- Born: 23 April 1986 (age 40) Brisbane, Queensland, Australia
- Education: University of Queensland
- Occupations: Journalist & television presenter
- Years active: 2005–present
- Employer: Nine Network
- Notable work: Today Extra as co-host Today as news presenter; Nine News (reporter and news presenter) A Current Affair as reporter;
- Television: Today as co-host
- Spouse: Peter Stefanovic ​(m. 2017)​
- Children: 2

= Sylvia Jeffreys =

Australian journalist and news presenter (born 1986)

Sylvia Jeffreys (born 23 April 1986) is an Australian journalist and television presenter.

Jeffreys is currently a co-host of the Nine Network's breakfast program Today alongside Tom Steinfort.

==Early life==
Jeffreys was born on 23 April 1986 in Brisbane, Queensland and grew up in the suburb of Coorparoo. She attended Brisbane State High School where she was the School Captain in 2003.

==Career==
Jeffreys began her media career in August 2005 at the Nine Network in Brisbane, working as a script assistant in the newsroom. She completed a Bachelor of Journalism/Bachelor of Arts at the University of Queensland whilst honing her skills in the production office.

In 2008, she began filing lifestyle stories on Queensland's Extra program, before returning to the newsroom in 2009.

In 2011, Jeffreys was appointed weekend weather presenter on Nine News Queensland. Sylvia reported on many news events as a reporter and weather presenter for Nine News Queensland including the floods in Central Queensland, Brisbane, Ipswich and Grantham. She also travelled to Tully to report on the damage carved by Cyclone Yasi.

In January 2012, Jeffreys moved to Sydney to join Today as a New South Wales reporter. She remained a reporter on the show until June 2013 and was replaced by Natalia Cooper. She then joined Nine News as a reporter and a fill in presenter on Nine Morning News, Nine Afternoon News, Weekend Today and Today.

In June 2014, Jeffreys rejoined Today as news presenter replacing Georgie Gardner.

In 2016, Jeffreys began hosting Nine's netball coverage, starting with the Fast5 Netball World Series in Melbourne. She also hosts Nine's coverage of the new Suncorp Super Netball competition, which started in 2017. She no longer presents the network's netball coverage.

In December 2018, it was announced that Jeffreys would not return to Today in 2019 and move onto other projects. In February 2019, the Nine Network announced Jeffreys would be spread across "a few departments" including A Current Affair.

In August 2019, Jeffreys was appointed host of 9NewsWatch, a bulletin broadcast at 8 pm on weeknights on Facebook.

In December 2019, it was announced that Jeffreys would co-host Today Extra replacing Sonia Kruger.

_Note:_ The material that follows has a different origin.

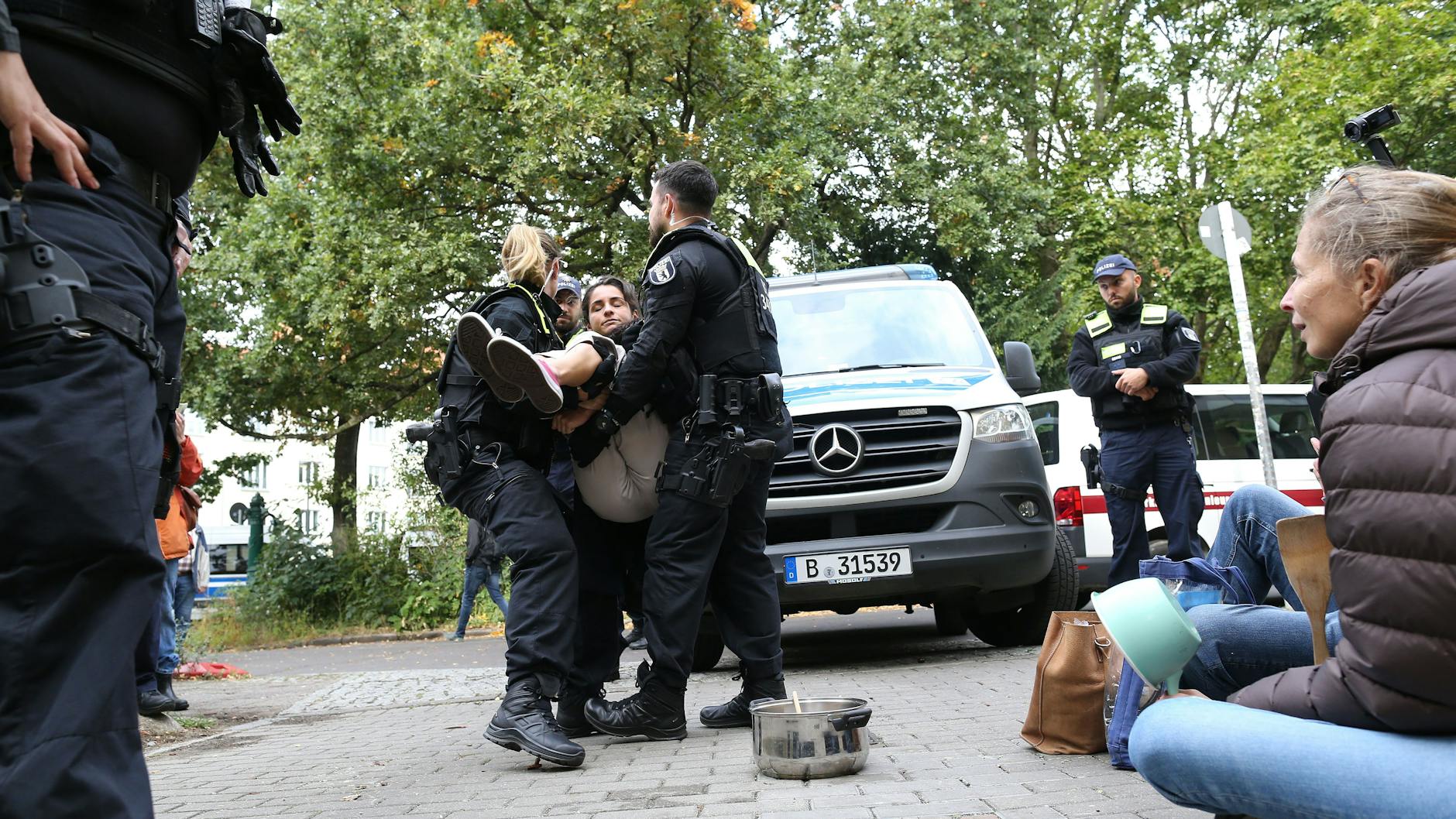 Die meisten Protestierenden gehen freiwillig, als die Polizei sie dazu auffordert. Diese Frau lässt sich wegtragen.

In September 2026, Jeffreys was appointed co-host of Today alongside Tom Steinfort. Belinda Russell replaced her as co-host of Today Extra.

== Personal life ==
In December 2013, Jeffreys said that she was dating fellow Nine News reporter Peter Stefanovic. Jeffreys and Stefanovic were fill-in co-hosts of Weekend Today while Cameron Williams and Leila McKinnon were on leave. In July 2016, Jeffreys announced that she was engaged to Stefanovic; the couple married on 1 April 2017. Their sons were born on 31 January 2020 and 3 April 2021. In August 2026, Jeffreys announced that she and Stefanovic were expecting their third child.

In July 2023, Jeffreys finished 5419th in the 2023 Gold Coast half marathon.